--- START ---

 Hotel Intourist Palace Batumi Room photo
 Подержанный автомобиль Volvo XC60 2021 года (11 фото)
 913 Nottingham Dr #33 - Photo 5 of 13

--- END ---
--- START ---

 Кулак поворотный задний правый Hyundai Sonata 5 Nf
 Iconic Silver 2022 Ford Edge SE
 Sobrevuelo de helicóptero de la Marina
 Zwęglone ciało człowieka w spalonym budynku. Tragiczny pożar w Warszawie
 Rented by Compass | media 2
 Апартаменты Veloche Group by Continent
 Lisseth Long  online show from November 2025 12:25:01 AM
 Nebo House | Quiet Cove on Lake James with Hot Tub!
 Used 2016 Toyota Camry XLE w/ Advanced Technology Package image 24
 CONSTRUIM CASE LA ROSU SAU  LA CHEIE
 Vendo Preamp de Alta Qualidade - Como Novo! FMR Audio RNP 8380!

--- END ---
--- START ---

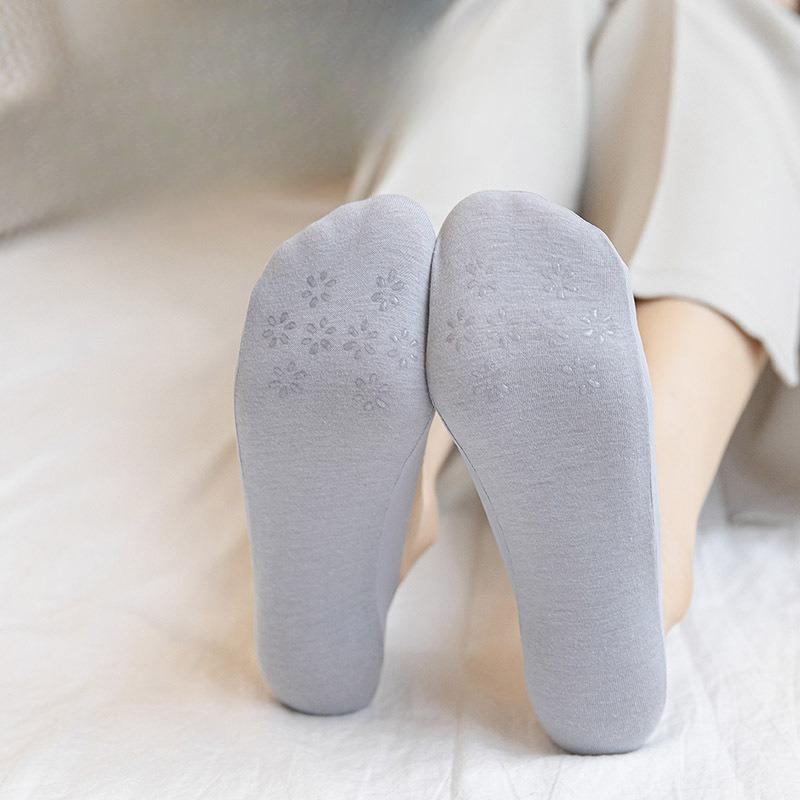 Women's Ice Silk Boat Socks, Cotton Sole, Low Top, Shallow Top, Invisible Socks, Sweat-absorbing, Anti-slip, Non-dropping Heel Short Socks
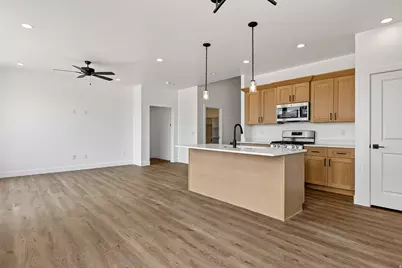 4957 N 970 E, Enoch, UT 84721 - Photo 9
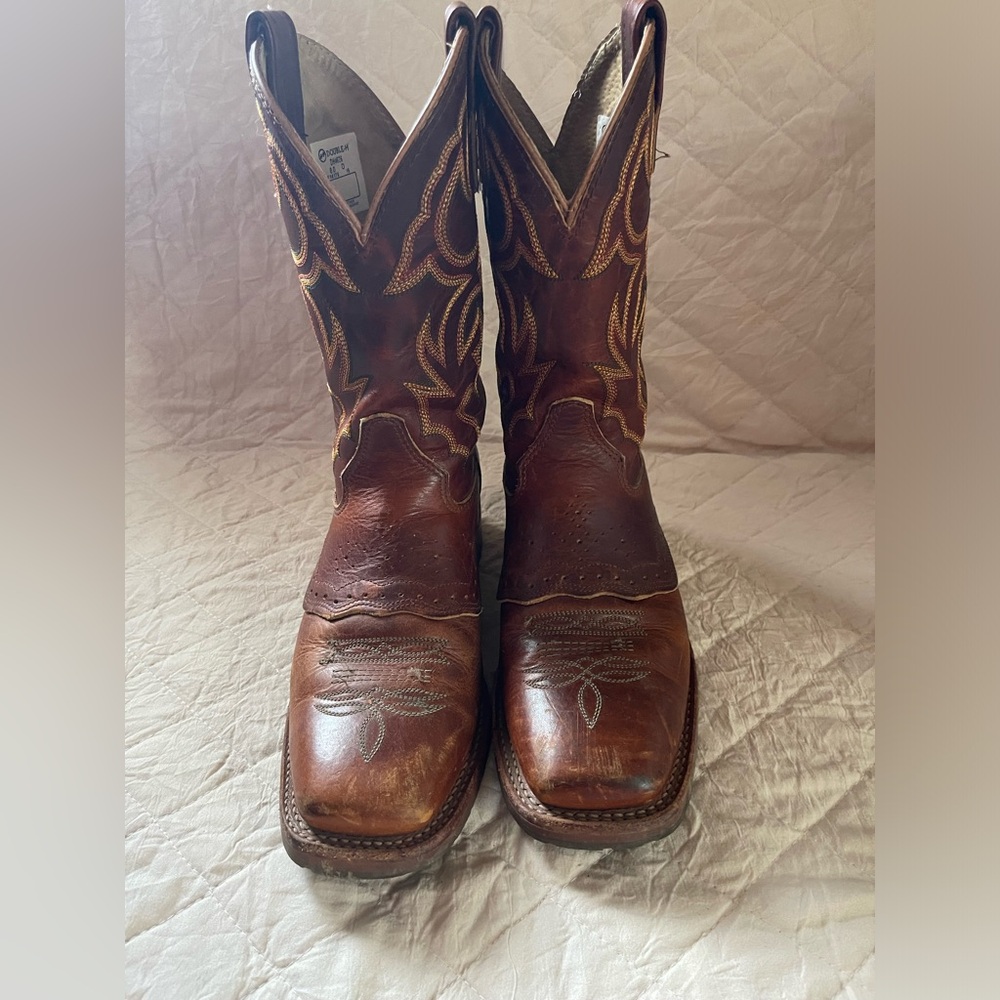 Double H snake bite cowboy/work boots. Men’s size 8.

--- END ---

Would you quote everything above from the line containing "Апартаменты Veloche Group by Continent" down to the line containing "CONSTRUIM CASE LA"? Include both of those lines and nothing else.

** EXERCISE OUTPUT **
 Апартаменты Veloche Group by Continent
 Lisseth Long  online show from November 2025 12:25:01 AM
 Nebo House | Quiet Cove on Lake James with Hot Tub!
 Used 2016 Toyota Camry XLE w/ Advanced Technology Package image 24
 CONSTRUIM CASE LA ROSU SAU  LA CHEIE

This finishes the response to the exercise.